Taking, then, \(N_0=\rho _c V\) where \(\rho _c\) is the density of potential sites for microcracking per unit volume, and further letting \(V=A\delta \) where \(A\) is the nominal area of the main fracture and \(\delta \) is the thickness of the zone affected by residual strain, the analysis predicts that \(t_0\) will be independent of the nominal area of the main fracture (\(A\)), while on the other hand

$$\begin{aligned} k\propto A, \quad c\propto A, \quad \frac{dc/dA}{dk/dA}=-\ln t_0. \end{aligned}$$
(7)

The observed linear scaling of \(k\) and \(c\) with \(A\) for \(0<t<1000\)s (Fig. 8) is therefore consistent with the theory. Furthermore, for this same time frame, the range of \(t_0\) gives \(\ln t_0\) in the approximate range of 4–5 (Table 1). Hence, the ratio of the slope of \(c\) versus \(A\) to the slope of \(k\) versus \(A\), which is \(-4.7\) according to Fig. 8, is in the theoretically-predicted range and there is some promising evidence that the residual strain theory proposed here is able to also shed some light on the origin of the time shift \(t_0\) that was originally proposed by Omori (1894) but has not been clearly connected to mechanical processes.

6 Conclusions

Tensile breakage of rock is observed to produce aftershocks that are spatially clustered around the crack surface and that cannot be attributed to crack closure. These aftershocks sequences are statistically similar between hydraulic fractures and notched beam tests; in both cases the cumulative events after unloading follow Omori’s law with the coefficients, but not the time shift, scaling with the nominal crack area. In this regard the experiments are extremely consistent from one test to the next, that is to say, the repeatability for the crystalline rock and experimental configurations used in this study was very good.

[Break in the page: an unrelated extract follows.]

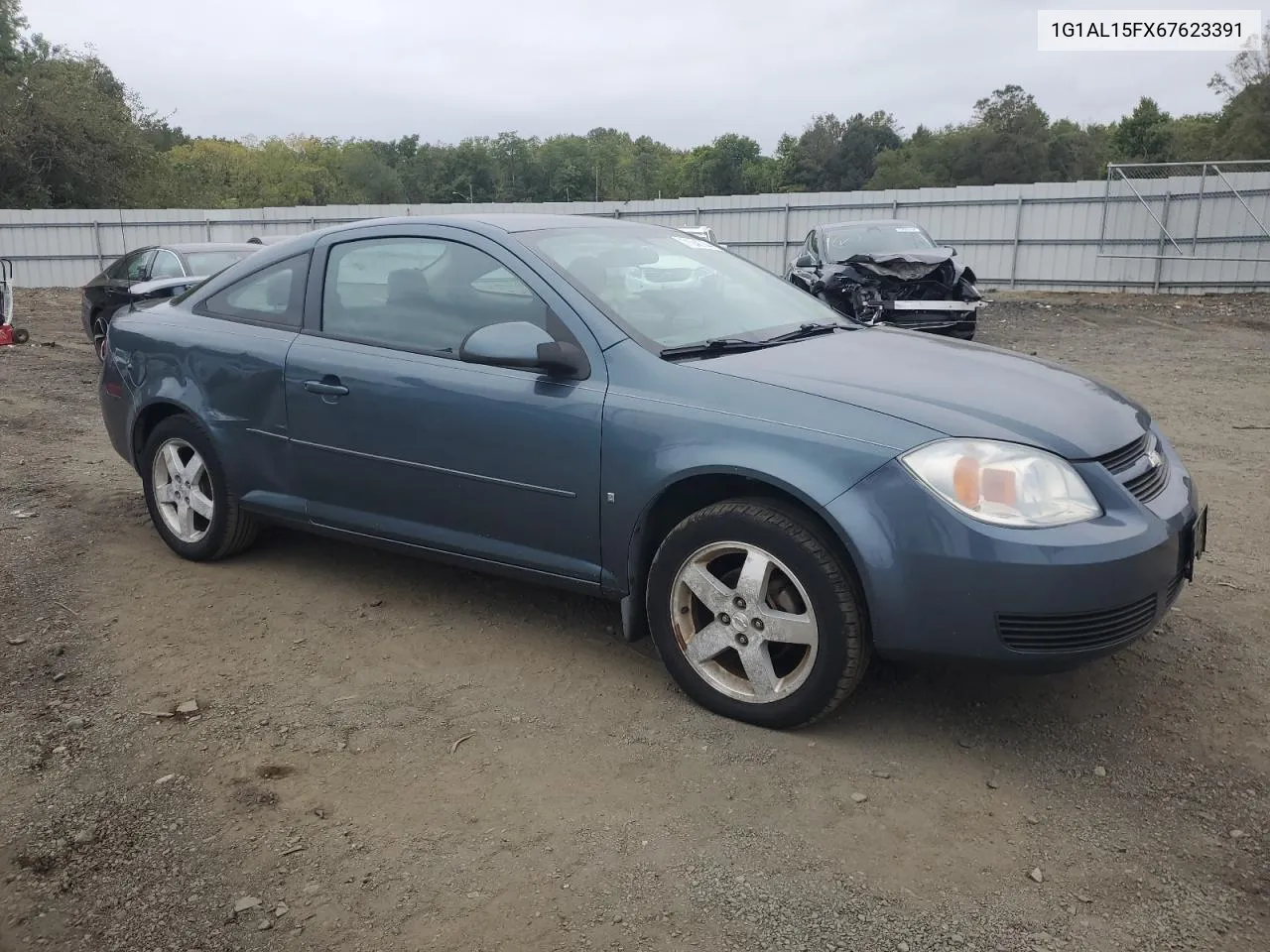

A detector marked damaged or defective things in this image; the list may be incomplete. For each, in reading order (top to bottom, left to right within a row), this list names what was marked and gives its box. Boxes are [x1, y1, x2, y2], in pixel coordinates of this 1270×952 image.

wrecked black car [786, 221, 984, 341]
damaged vehicle [786, 221, 984, 341]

The observations from these experiments are consistent with an aftershock mechanism based on static fatigue driven by a stochastic distribution of residual strain remaining after unloading. Adding theoretical considerations to the interpretation of the experimental results, we propose ongoing rock mechanics research that aims at quantifying the impacts of environment, loading conditions before and after rupture, and of rupture surface size and detailed geometry on these aftershock sequences. This proposed direction of research will provide unique insight into stochastic time dependent rock fracture mechanisms underlying seismic and engineering hazards associated with the long-term stability of rocks under stress.